• **Data to use**:
━━━━━━━━━━━━━━━━━━━━

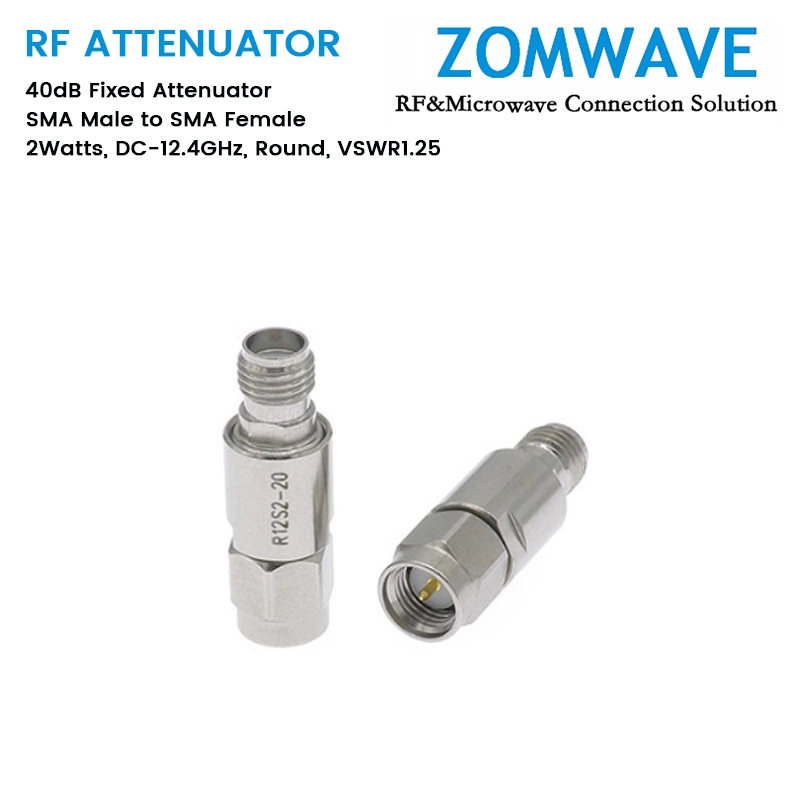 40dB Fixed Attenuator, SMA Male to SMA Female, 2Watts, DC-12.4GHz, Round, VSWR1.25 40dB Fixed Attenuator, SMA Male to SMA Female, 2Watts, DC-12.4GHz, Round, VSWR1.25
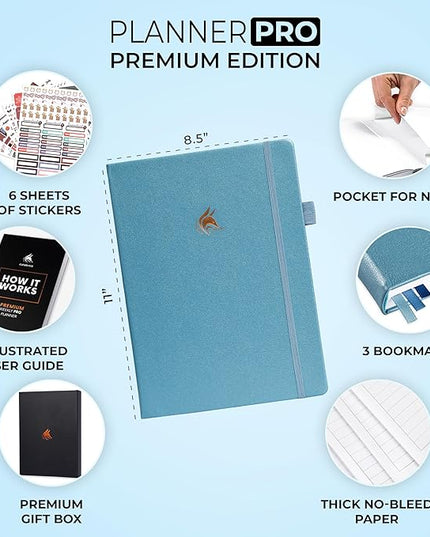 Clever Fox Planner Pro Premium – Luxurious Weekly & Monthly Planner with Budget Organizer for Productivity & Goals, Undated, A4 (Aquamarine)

━━━━━━━━━━━━━━━━━━━━

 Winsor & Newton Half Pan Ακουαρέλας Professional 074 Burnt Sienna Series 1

━━━━━━━━━━━━━━━━━━━━

• **Task goal**: Pictures in the entries do not go into the copy. Print only the lines starting at the one containing "Round, VSWR1.25 40dB" and ending at the one containing "Clever Fox Planner", exactly as they appear.

• **Exercise response**:
 40dB Fixed Attenuator, SMA Male to SMA Female, 2Watts, DC-12.4GHz, Round, VSWR1.25 40dB Fixed Attenuator, SMA Male to SMA Female, 2Watts, DC-12.4GHz, Round, VSWR1.25
 Clever Fox Planner Pro Premium – Luxurious Weekly & Monthly Planner with Budget Organizer for Productivity & Goals, Undated, A4 (Aquamarine)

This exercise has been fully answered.